NARCO POLICE PROBE

Earlier this week, US and Italian federal narcotic agents spectacularly dismantled an intercontinental drug ring with a very strong Guyana connection; but critics and law-enforcements experts in Guyana say they are not at all surprised that local investigators were completely shut out of the operation, in the wake of widespread speculation that the agencies are compromised at the highest levels.

U.S. and Italian police on Tuesday announced the take-down and were beaming with confidence that they had smashed the well-known and feared Gambino crime family with its strong and entrenched New York links, as well as the lesser-known but similarly feared Italian organization called the Calabrian Ndrangheta in southern Italy.

Agents say that the Calabrian clan is a version of the Sicilian Mafia and has been growing in size and influence in recent years.

James Singh, head of the Guyana Customs Anti Narcotics Unit said local investigators were clueless about a two-year operation that involved at least one factory in Guyana, which was used to conceal large quantities of cocaine in food products like pineapple and frozen fish, among others.

But he did point to a late-2012, $7M bust in Malaysia, where sleuths successfully intercepted a shipment of cocaine from Guyana in far-away Malaysia, hidden in sealed cans of coconut milk. Two local can sealers were last year jailed for their part in the international smuggling scheme that had made news headlines around the world. The joint U.S.-Italian bust was announced just as the cartel was about to ship 1,000 pounds of cocaine from Guyana.
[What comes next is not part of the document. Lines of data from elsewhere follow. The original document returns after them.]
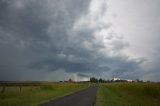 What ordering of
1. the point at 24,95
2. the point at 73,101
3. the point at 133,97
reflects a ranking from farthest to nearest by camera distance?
the point at 133,97
the point at 24,95
the point at 73,101

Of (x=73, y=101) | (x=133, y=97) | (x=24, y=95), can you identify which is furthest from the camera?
(x=133, y=97)

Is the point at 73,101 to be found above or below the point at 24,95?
below

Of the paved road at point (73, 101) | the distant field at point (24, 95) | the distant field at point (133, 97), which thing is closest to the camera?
the paved road at point (73, 101)

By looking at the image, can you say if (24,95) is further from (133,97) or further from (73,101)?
(133,97)

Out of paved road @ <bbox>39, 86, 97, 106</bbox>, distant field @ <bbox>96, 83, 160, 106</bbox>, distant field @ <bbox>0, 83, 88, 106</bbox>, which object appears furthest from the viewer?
distant field @ <bbox>96, 83, 160, 106</bbox>

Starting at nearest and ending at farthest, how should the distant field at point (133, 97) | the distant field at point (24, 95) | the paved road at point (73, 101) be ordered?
the paved road at point (73, 101) < the distant field at point (24, 95) < the distant field at point (133, 97)

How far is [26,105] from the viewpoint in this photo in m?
22.9

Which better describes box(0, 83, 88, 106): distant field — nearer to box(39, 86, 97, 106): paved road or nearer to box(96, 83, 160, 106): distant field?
box(39, 86, 97, 106): paved road

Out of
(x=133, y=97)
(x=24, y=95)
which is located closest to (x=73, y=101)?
(x=24, y=95)

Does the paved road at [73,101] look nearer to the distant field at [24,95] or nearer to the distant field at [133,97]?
the distant field at [133,97]

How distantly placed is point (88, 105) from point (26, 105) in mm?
6269

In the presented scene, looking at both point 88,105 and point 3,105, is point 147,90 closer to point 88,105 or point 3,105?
point 88,105

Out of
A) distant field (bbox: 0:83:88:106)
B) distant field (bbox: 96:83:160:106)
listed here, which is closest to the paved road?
distant field (bbox: 96:83:160:106)

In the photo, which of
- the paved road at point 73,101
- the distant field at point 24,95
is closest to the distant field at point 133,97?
the paved road at point 73,101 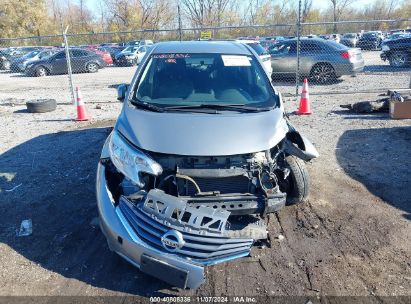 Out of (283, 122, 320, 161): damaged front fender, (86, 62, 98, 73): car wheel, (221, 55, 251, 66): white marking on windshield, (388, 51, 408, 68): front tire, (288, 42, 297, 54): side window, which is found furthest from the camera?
(86, 62, 98, 73): car wheel

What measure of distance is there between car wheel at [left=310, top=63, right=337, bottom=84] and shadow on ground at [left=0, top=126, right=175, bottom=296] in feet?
29.1

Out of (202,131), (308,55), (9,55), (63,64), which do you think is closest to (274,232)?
(202,131)

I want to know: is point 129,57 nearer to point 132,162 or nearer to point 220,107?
point 220,107

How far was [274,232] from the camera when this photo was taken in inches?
148

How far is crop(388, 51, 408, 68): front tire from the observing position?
16.4 meters

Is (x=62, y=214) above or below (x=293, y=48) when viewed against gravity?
below

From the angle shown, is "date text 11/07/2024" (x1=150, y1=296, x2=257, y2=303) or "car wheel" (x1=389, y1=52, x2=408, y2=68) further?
"car wheel" (x1=389, y1=52, x2=408, y2=68)

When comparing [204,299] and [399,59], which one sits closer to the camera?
[204,299]

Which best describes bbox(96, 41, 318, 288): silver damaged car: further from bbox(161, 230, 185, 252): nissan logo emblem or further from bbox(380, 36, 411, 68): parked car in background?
bbox(380, 36, 411, 68): parked car in background

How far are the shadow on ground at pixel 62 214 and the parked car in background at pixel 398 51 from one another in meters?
14.9

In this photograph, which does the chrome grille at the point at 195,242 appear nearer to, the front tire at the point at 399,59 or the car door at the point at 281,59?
the car door at the point at 281,59

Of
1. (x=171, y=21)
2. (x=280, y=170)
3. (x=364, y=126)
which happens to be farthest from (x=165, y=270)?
(x=171, y=21)

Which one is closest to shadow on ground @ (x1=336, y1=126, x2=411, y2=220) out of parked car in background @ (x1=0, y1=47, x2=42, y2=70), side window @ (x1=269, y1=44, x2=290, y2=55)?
side window @ (x1=269, y1=44, x2=290, y2=55)

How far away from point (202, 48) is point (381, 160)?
329cm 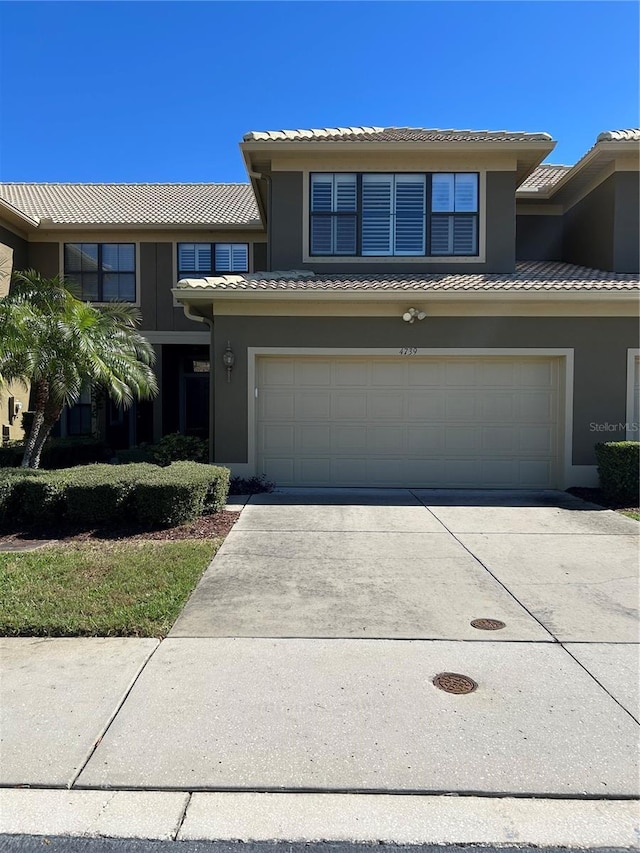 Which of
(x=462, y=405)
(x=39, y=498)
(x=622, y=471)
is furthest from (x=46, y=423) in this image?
(x=622, y=471)

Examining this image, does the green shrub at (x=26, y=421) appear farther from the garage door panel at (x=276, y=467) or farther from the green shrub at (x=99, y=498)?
the green shrub at (x=99, y=498)

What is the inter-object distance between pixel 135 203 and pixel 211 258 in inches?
144

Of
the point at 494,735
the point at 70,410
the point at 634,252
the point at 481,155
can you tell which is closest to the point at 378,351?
the point at 481,155

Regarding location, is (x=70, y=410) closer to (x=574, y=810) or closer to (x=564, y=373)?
(x=564, y=373)

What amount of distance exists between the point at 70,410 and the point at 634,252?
1496 centimetres

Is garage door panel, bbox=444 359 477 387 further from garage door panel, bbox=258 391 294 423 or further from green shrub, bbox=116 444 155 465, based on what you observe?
green shrub, bbox=116 444 155 465

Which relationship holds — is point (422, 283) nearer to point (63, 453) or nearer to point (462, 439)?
point (462, 439)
Guyana Deputy Police Chief Seelall Persaud said his department was also left in the dark and had not been asked to help, even at the Guyana end of the investigation. This, as DEA agents were expected to arrive in Guyana later this week.

Former Police Chief and Opposition Member of Parliament Winston Felix argued that international investigators would always shy away from involving locals because of fears that officers are compromised, as well as the fact that they fear mistakes by lesser-trained police could compromise a crucial investigation deliberately or by mistake.

“They would not involve our boys fully, maybe to conduct surveillance on a factory or something of the sort; but there is no doubt that there is a level of mistrust of the system in Guyana,” said the opposition spokesman on national security.

Political scientist and newspaper columnist Freddie Kissoon pointed to the fact that U.S. Federal agents had had an extradition list of 13 known cocaine dealers in Guyana a decade ago and had never informed government or enforcement officials in Guyana.

“This on the list did not even know they were there. It is a clear case of distrust of Guyanese authorities at every level,” he said.